O tema da campanha é: “Economia e Vida” e o lema, “Não podeis adorar a Deus e ao Dinheiro (Mt 6,24). Os princípios da oração, jejum e esmola, são iluminados de modo especial no contexto desta campanha nacional que mobiliza milhares de comunidades cristãs. A imposição das Cinzas nesta quarta feira recorda a fragilidade humana. As palmas bentas no último Domingo de Ramos foram queimadas e se tornaram cinzas que cravam nossas cabeças mostrando a natureza limitada do nosso ser.
É muito importante que a comunidade perceba que a quaresma é tempo de preparação para o Tríduo Pascal. Momento ímpar para renovação dos nossos compromissos como seguimento de Jesus Cristo. No evangelho de domingo passado (Lc 5,1-11) Jesus começou a chamar os apóstolos. Os primeiros são pescadores. Eles vão começar a formar a comunidade de irmãos, a comunidade dos discípulos de Jesus. Não eram santos, se consideravam pecadores e sentiram o peso da responsabilidade. Mas não desistiram, aceitaram o convite do mestre e “deixaram tudo” para segui-lo. Uma atitude moral de total radicalidade, uma escolha pessoal livre norteada pela fé enquanto risco.
Neste tempo quaresmal, a CNBB e o CONIC levarão para cerca de 50 mil comunidades cristãs discussões sobre economia. O texto base preparado mostra que existe uma crescente dívida interna no Brasil, alta taxa de juros, elevada carga tributária dificultando a vida de muita gente. Sobre a dívida interna, o manual da campanha afirma: “apesar dos gastos com juros e amortizações da dívida pública consumirem mais de 30% dos recursos orçamentários do país, essas dívidas não param de crescer. A dívida interna alcançou a gigantesca cifra de R$ 1,6 trilhão em dezembro de 2008, tendo apresentado crescimento acelerado nos últimos anos”. Nossa “Escola da Fé”, coordenada pelo Dr. Marcos Duran, promoveu semana passada uma conferência sobre o tema da Campanha. Muitos líderes de comunidade estavam presentes para ouvir e debater com a Dr. Maria Emilia assuntos relacionados a idolatria, consumismo, economia global, etc .
Mais do que reflexões amplas, queremos proporcionar aos cristãos reflexões sobre a vida do dia-a-dia. Afinal, como nos relacionamos com o dinheiro? Será que não estamos transformando o dinheiro num Deus? O mercado não possui uma linguagem religiosa? Tenho visto famílias inteiras se dividirem por causa de dinheiro. Muitas pessoas conhecem situações de discórdias entre marido e mulher, pais e filhos causadas pelo apego desmesurado ao dinheiro.

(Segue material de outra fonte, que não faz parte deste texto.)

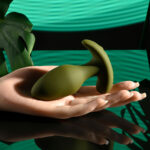 Selopa THE COLONEL - Green 10.1 cm USB Rechargeable Vibrating Butt Plug with Wireless Remote - Image 3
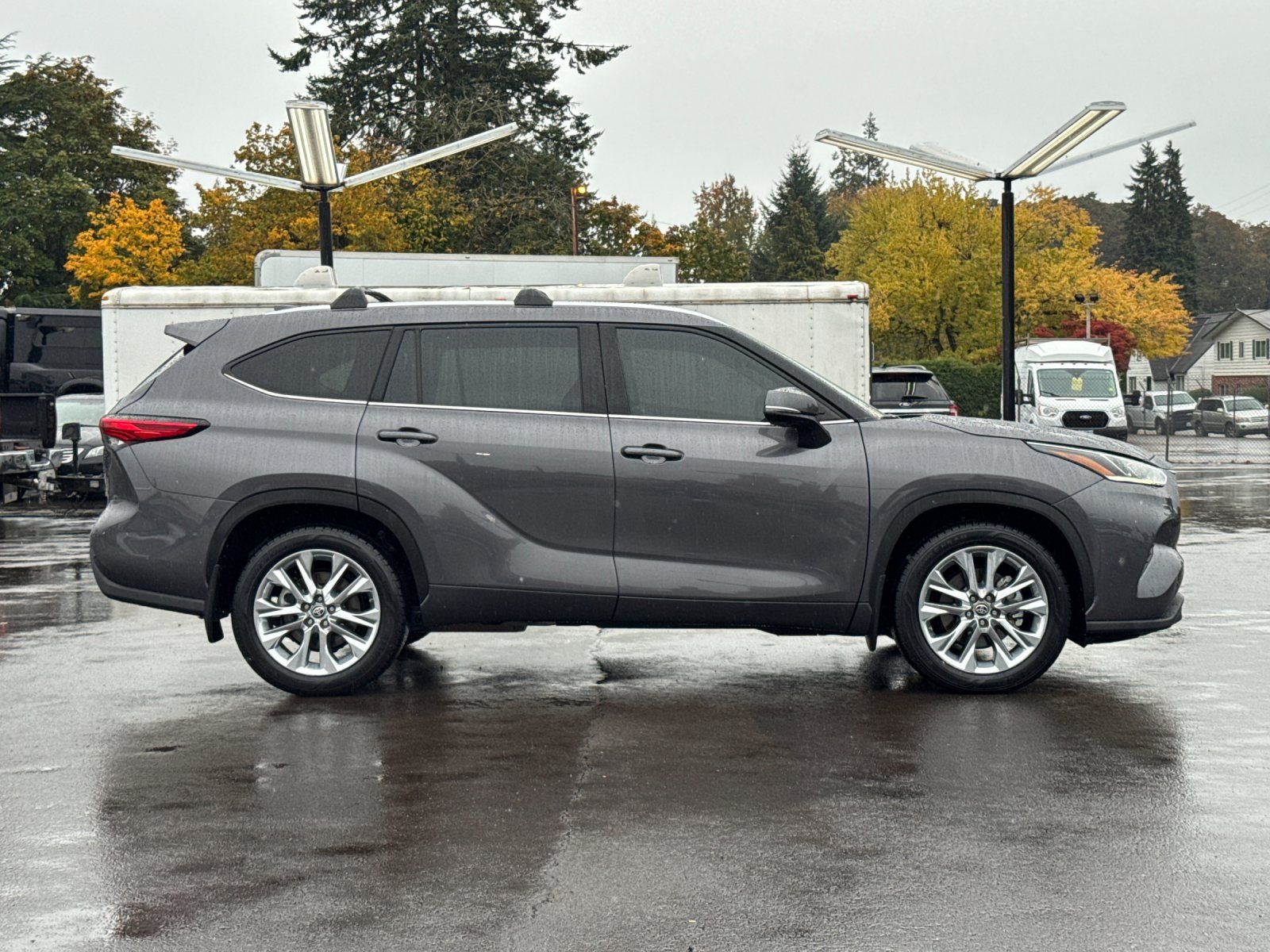 used 2022 Toyota Highlander car, priced at $36,998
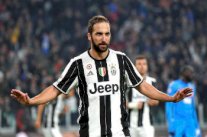 يوفنتوس يحسم قمة الكالتشيو وفوز ثلاثي الصدارة في إنكلترا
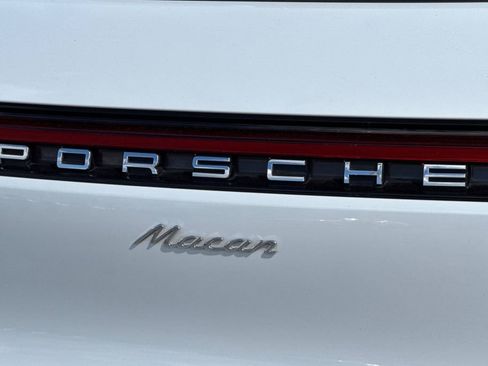 Used 2021 Porsche Macan w/ Premium Package image 26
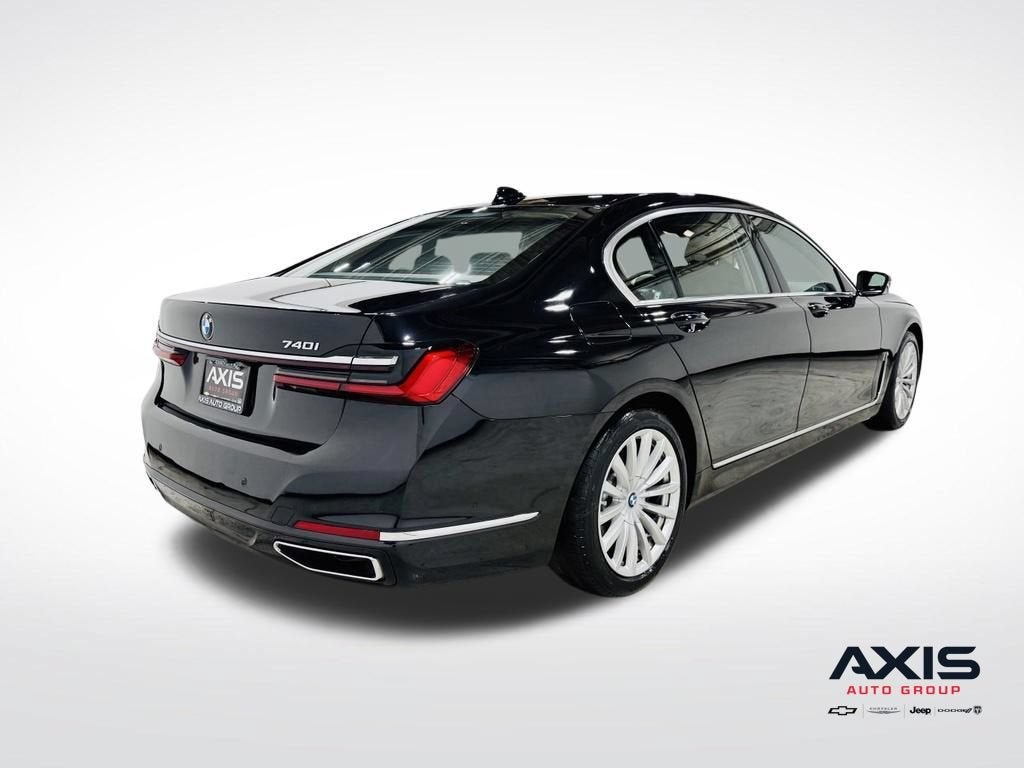 2021 BMW 740i 740i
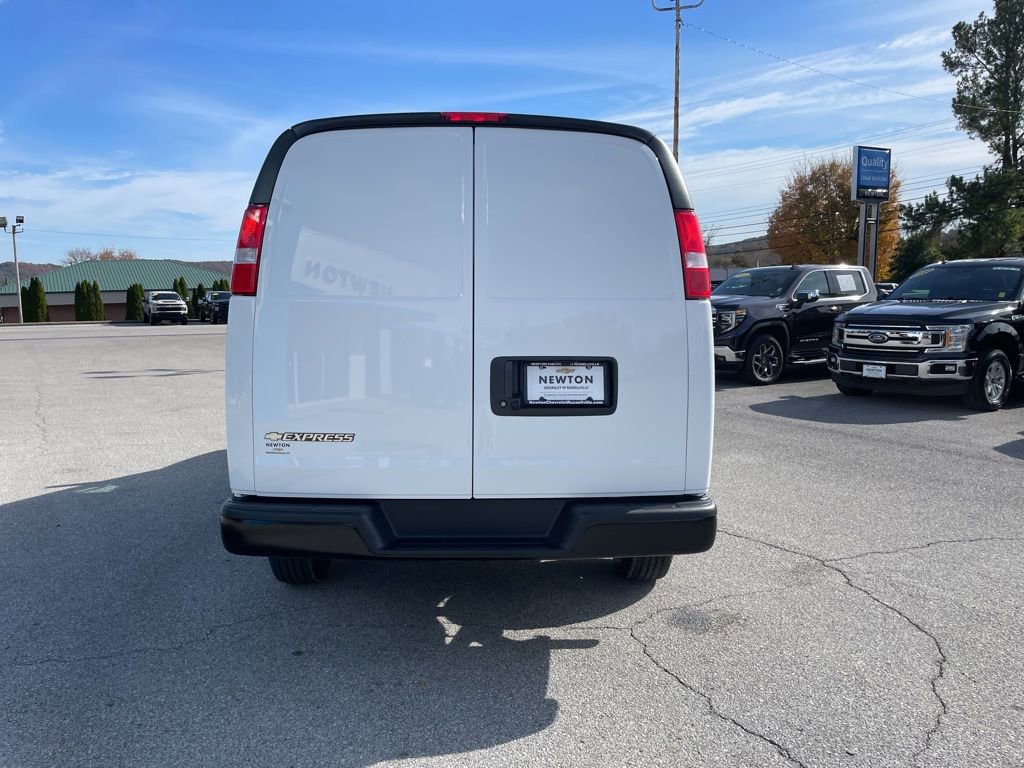 New 2025 Chevrolet Express 2500 Work Van image 47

Quando o dinheiro deixa de ser “instrumento de uso” e se transforma em “Deus”, todo o nosso ser se transforma. Os teólogos e economistas chamam esta inversão de fetiche.
Penso, que esta campanha será um importante momento para nossa reflexão coletiva e pessoal. O manual da Campanha mostra que infelizmente ainda temos 40 milhões de pessoas abaixo da linha da pobreza e não há trabalho e saúde para todos. Segundo o Manual preparado pela CNBB, não podemos esquecer que o Planeta Terra não passa de um grão de areia na imensidão do universo. Mas é um grão de areia habitado, onde pulsa um coração vivo e vibrante. Nele, o ciclo da vida se reproduz há bilhões de anos. É o único planeta conhecido onde a vida viceja exuberante. Somos todos chamados a manter viva a sinfonia da criação, a cuidar, respeitar e conviver com a variedade e pluralidade das formas de vida. Faça a sua parte, participe desta campanha e ajude a renovar a face da terra.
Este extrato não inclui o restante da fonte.